Entrants to the competition can respond to one of three briefs, all of which are written to allow students to identify a particular issue that they wish to address within the topic area, either locally, nationally or globally. The vast range of possibilities can be daunting for students, particularly younger entrants who may not have worked within such an open inquiry model before. This is where our wonderful design mentors step in to help scaffold the process.
Our design mentors are all prior winners from the SDAs and have now moved onto work in industry. They take part in two workshops with each of the schools during the competition, helping students to understand design thinking and modelling the importance of its various elements, including providing timely feedback and guidance to help students to iterate their idea. Through this targeted support we have a greater chance of producing great designs and confident designers, something that seems even more important as design in English schools is in decline.
Art and Design in English schools
At the end of January this year, we saw Will Gompertz’s call for an education element to be added to the Designs of the Year annual awards. His argument is that “we're bringing up a bunch of children who are behaving like computers, not a bunch of children who are behaving like designers” and that this is leading to a school population that struggle to apply their knowledge. While we know there are teachers across the country building time into their lesson plans for children to apply knowledge to practical problems, I believe the point he is making is still valuable when we think of the system as a whole.
In 2017 we saw a flurry of statistics showing a significant decline in the number of KS4 entries to art and design and design and technology subjects. Critics of the English Baccalaureate (Ebacc), the government’s measure to ensure children study five compulsory subjects – English, maths, science, a modern foreign language, and either geography or history – point towards this as one cause of the decline.
My colleague Julian Astle paints a very stark picture of the diverse effects the current accountability system has on education in English schools. He suggests that many headteachers are doing what they can to keep the schools operational, in an environment where they are held accountable for success indicators that are defined by a very narrow range of parameters. Is it any wonder school leaders have responded to the pressures by concentrating on that which is measured (English, Maths, Science etc) rather than that which is not (Design and Technology, Art, Music etc)? The effects of this accountability framework and narrowing of the curriculum on creative subjects was recently described in detail through the results of recent BBC research carried out into the squeezing of arts subjects in schools, where “nine in every 10 said they had cut back on lesson time, staff or facilities in at least one creative arts subject.”

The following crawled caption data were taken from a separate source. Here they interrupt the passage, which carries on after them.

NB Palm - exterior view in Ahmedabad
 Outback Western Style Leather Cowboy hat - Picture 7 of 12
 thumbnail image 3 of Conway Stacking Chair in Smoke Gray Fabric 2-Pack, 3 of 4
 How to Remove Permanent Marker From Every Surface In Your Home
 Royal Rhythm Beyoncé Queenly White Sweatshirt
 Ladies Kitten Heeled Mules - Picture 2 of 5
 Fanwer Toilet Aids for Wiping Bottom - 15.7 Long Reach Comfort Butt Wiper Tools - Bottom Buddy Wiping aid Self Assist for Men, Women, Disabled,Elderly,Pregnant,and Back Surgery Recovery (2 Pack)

Describing (albeit very briefly) the macro-environment within which the RSA Pupil Design Awards is situated feels important. This is because it stands alongside a number of other projects we are running in the RSA education team that look to promote an education that meets the needs of the ‘head, hand and heart’. The RSA Pupil Design Awards aims to meet these needs by developing specific capabilities around research and idea generation (head); prototyping, iteration and communication of these ideas (hand); and the understanding of real issues faced in their communities (heart) so that the student population can see the route to positive change in the world around them.
Pupil Design Awards - an introduction from The RSA on Vimeo.
This year’s competition is poised to be our most exciting yet with some great learning taken from last year’s competition, almost double the number of schools taking part and more mentors than ever before. We hope to work with partners to drive forward the design education agenda over the coming years, seeking to bring more opportunities for young people to think like designers.